Paper 2022/1129

Breaking KASLR on Mobile Devices without Any Use of Cache Memory

Abstract

Microarchitectural attacks utilize the performance optimization constructs that have been studied over decades in computer architecture research and show the vulnerability of such optimizations in a realistic framework. One such highly performance driven vulnerable construct is speculative execution. In this paper, we focus on the problem of breaking the kernel address-space layout randomization (KASLR) on modern mobile devices without using cache memory as a medium of observation. However, there are some challenges to breaking KASLR on ARM CPUs. The first challenge is that eviction strategies on ARM CPUs are slow, and the microarchitectural attacks exploiting the cache as a covert channel cannot be implemented on modern ARM CPUs.

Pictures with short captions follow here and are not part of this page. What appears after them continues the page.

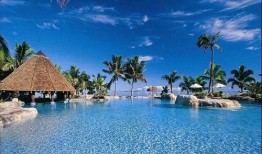 巴厘岛遇害爆料视频大全,惊心动魄的真相还原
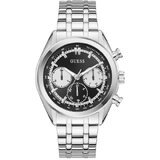 Guess Dress GW0971G1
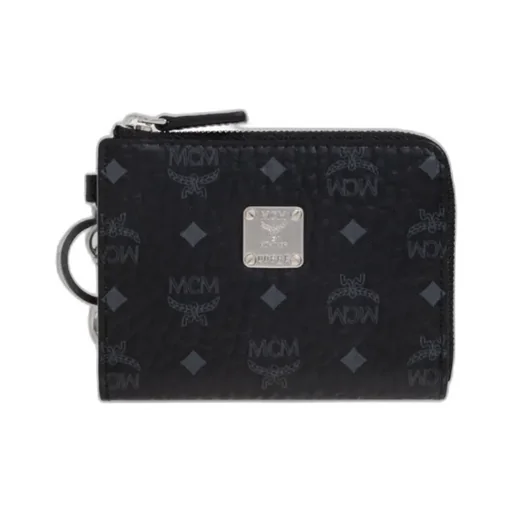 Logo Wallet
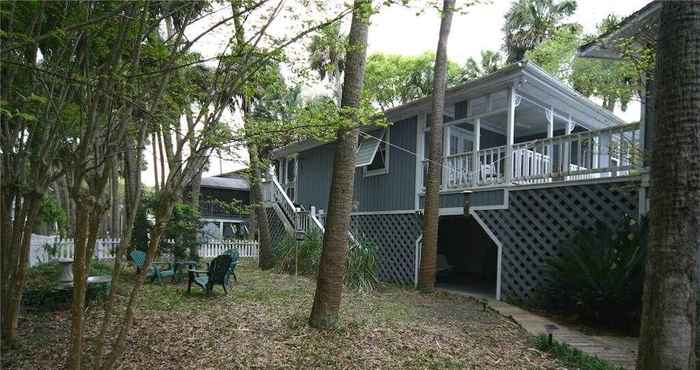 Others Edisto Guest House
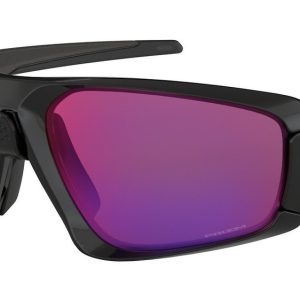 OAKLEY Field Jacket™ OO9402-0164 Sunglasses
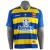Camisa de Futebol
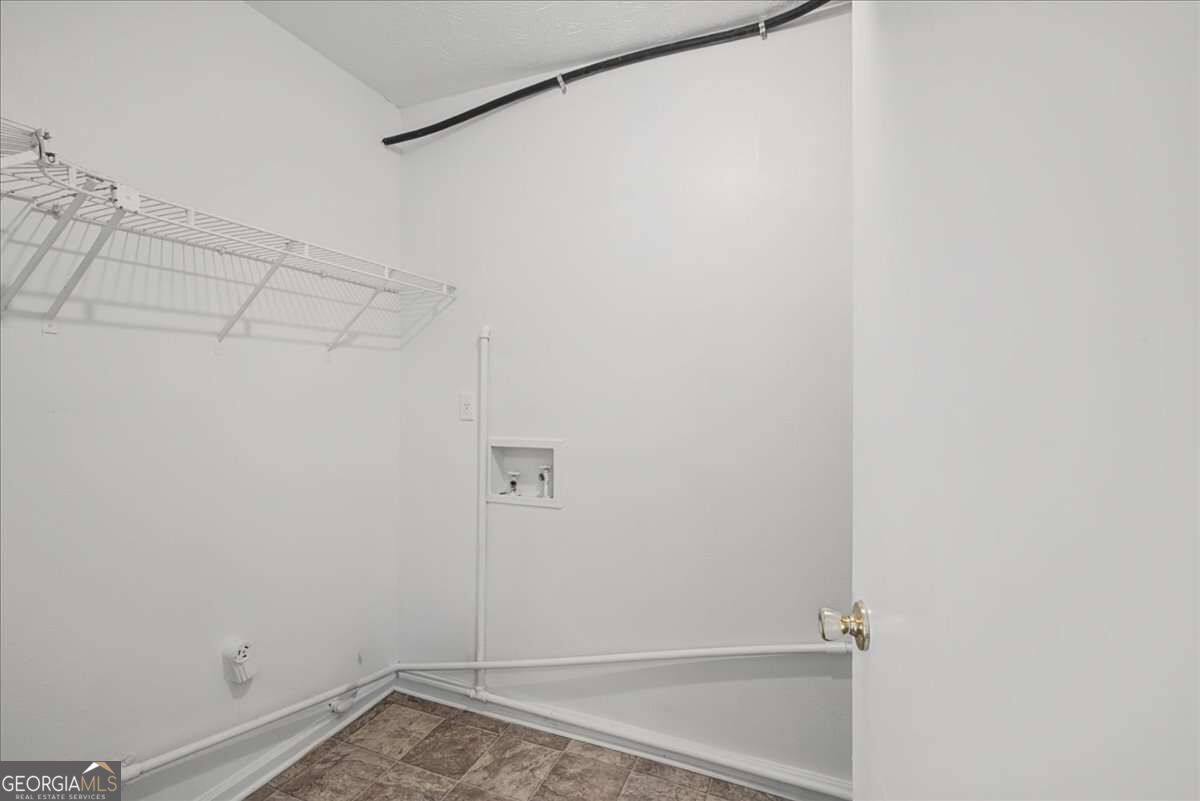 1205 Natchez Trace Sw # B Property Photo 23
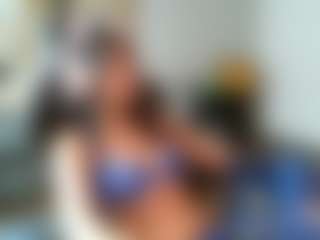 kat's Live Sex Cam Show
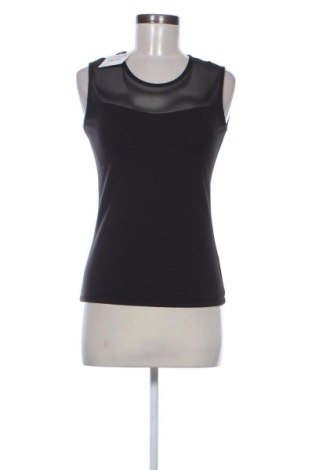 Top de femei Unbranded, Mărime S, Culoare Negru, Preț 57,74 Lei, #137930530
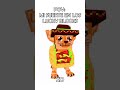 CONFIRMOO #shorts2025 #humor #stealabrainrot #roblox #squidgame #sodapop #fyp #paratii #unsa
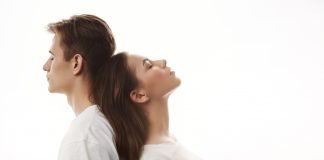 Infertilitatea la femei si barbati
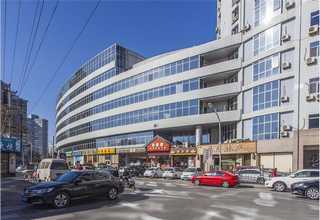 新疆ipadUSB扩展坞多少钱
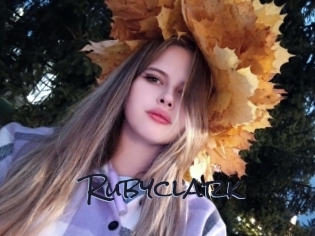 rubyclark Liquisexxx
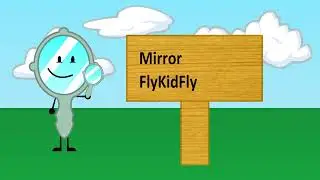BFMii Camp Episode 1A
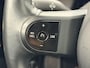 MINI Cooper 5-Deurs 1.5 MINI Yours | Pano | Leer | Stoelverw. | HUD | Navi | LED | Camera ( Vestiging - Nieuwegein )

The second challenge is that non-canonical addresses are stored in the store buffer, although they are invalid. As a result, previous microarchitectural attacks distinguish such addresses as valid kernel addresses erroneously. In this paper, we focus on these challenges to close current gaps in the implementation of recent attacks against modern CPUs. We show how a Translation Look-aside Buffer (TLB) can be used to circumvent the cache memory as a covert channel in order to attack ASLR on both ARM and Intel CPUs. To the best of our knowledge, we are the first to break KASLR on ARM-based Android and iOS mobile devices. Furthermore, our attacks can be performed in JavaScript to break KASLR of the browser without the need for an Evict+Reload operation, which consumes a lot of time. The results of our attacks show that the attacker can distinguish whether or not the virtual address is valid in less than 0.0417 seconds and 0.0488 seconds on Android and iOS mobile devices, respectively.